An oil pump rotor according to claim 1,
characterised in that
the outer teeth (11) of the inner rotor (10) are formed along an envelope (h) described by a generated group of circles having centers positioned on a trochoid curve (t) generated within the limits satisfying the following expression: 0.135 ≤ e•n/(π•D) ≤ 0.145 where e is the eccentricity between the inner (10) and outer rotors (20).
An oil pump rotor according to claim 1,
characterised in that
a run-off (40) is formed to each of the outer teeth (11) of the inner rotor (10) at the front of the direction of rotation, the run-off (40) not having contact with the inner teeth (21) of the outer rotor (20).
An oil pump rotor according to claim 3,
characterised in that
the run-off (40) is formed between the engagement point (K_e) when an outer tooth (11) of the inner rotor (10) engages with an inner tooth (21) of the outer rotor (20), and the contact point (p₂) between an outer tooth (11) of the inner rotor (10) and an inner tooth (21) of the outer rotor (20) when the cell capacity is at a maximum (C_max).
An oil pump rotor according to claim 3,
characterised in that
the run-off (40) is formed to a portion of the area between the engagement point (K_e) when an outer tooth (11) of the inner rotor (10) engages with an inner tooth (21) of the outer rotor (20), and the contact point (p₂) between an outer tooth (11) of the inner rotor (10) and an inner tooth (21) of the outer rotor (20) when the cell capacity is at a maximum (C_max).
An oil pump rotor according to claim 3,
characterised in that
a run-off (40) is formed to each of the outer teeth (11) of the inner rotor (10) at the rear of the direction of rotation.
An oil pump rotor according to claim 6,
characterised in that
the run-off (40) is formed between the engagement point (K_S) when an outer tooth (11) of the inner rotor (10) engages with an inner tooth (21) of the outer rotor (20), and the contact point (p₁) between an outer tooth (11) of the inner rotor (10) and an inner tooth (21) of the outer rotor (20) when the cell capacity is at a maximum (C_max).
An oil pump rotor according to claim 6,
characterised in that
the run-off (40) is formed to a portion of the area between the engagement point (K_S) when an outer tooth (11) of the inner rotor (10) engages with an inner tooth (21) of the outer rotor (20), and the contact point (p₁) between an outer tooth (11) of the inner rotor (10) and an inner tooth (21) of the outer rotor (20) when the cell capacity is at a maximum (C_max).
An oil pump rotor according to claim 2,
characterised in that
a run-off (40) is formed to each of the outer teeth (11) of the inner rotor (10) at the front of the direction of rotation, the run-off (40) not having contact with the inner teeth (21) of the outer rotor (20).

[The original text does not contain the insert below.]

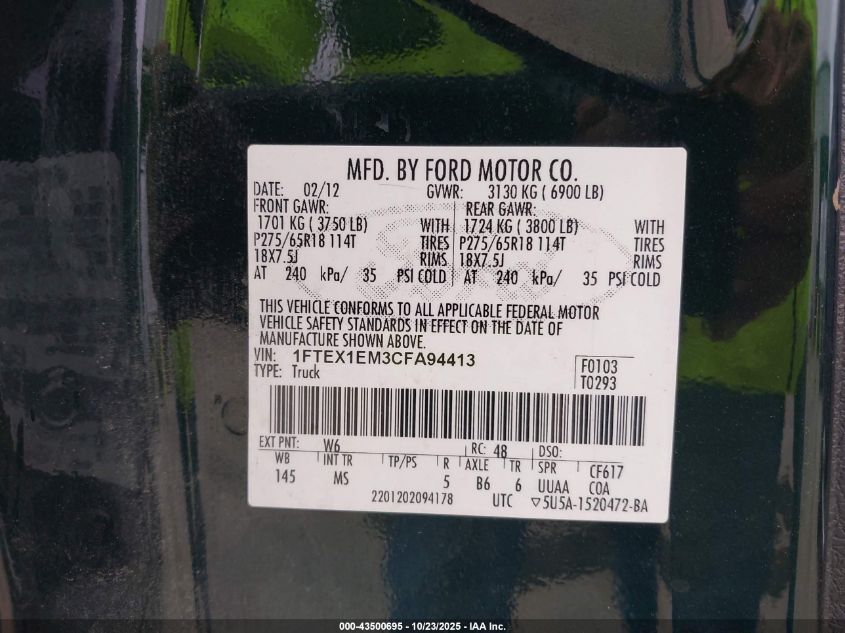 2012 Ford F150 Super Cab VIN: 1FTEX1EM3CFA94413 Lot: 43500695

An oil pump rotor according to claim 9,
characterised in that
the run-off (40) is formed between the engagement point (K_e) when an outer tooth (11) of the inner rotor (10) engages with an inner tooth (21) of the outer rotor (20), and the contact point (p₁) between an outer tooth (11) of the inner rotor (10) and an inner tooth (21) of the outer rotor (20) when the cell capacity is at a maximum (C_max).
An oil pump rotor according to claim 9,
characterised in that
the run-off (40) is formed to a portion of the area between the engagement point (K_e) when an outer tooth (11) of the inner rotor (10) engages with an inner tooth (21) of the outer rotor (20), and the contact point (p₂) between an outer tooth (11) of the inner rotor (10) and an inner tooth (21) of the outer rotor (20) when the cell capacity is at a maximum (C_max).
An oil pump rotor according to claim 9,
characterised in that
a run-off (40) is formed to each of the outer teeth (11) of the inner rotor (10) at the rear of the direction of rotation.
An oil pump rotor according to claim 12,
characterised in that
the run-off (40) is formed between the engagement point (K_S) when an outer tooth (11) of the inner rotor (10) engages with an inner tooth (21) of the outer rotor (20), and the contact point (p₁) between an outer tooth (11) of the inner rotor (10) and an inner tooth (21) of the outer rotor (20) when the cell capacity is at a maximum (C_max).
An oil pump rotor according to claim 12,
characterised in that
the run-off (40) is formed to a portion of the area between the engagement point (K_S) when an outer tooth (11) of the inner rotor (10) engages with an inner tooth (21) of the outer rotor (20), and the contact point (p₁) between an outer tooth (11) of the inner rotor (10) and an inner tooth (21) of the outer rotor (20) when the cell capacity is at a maximum (C_max).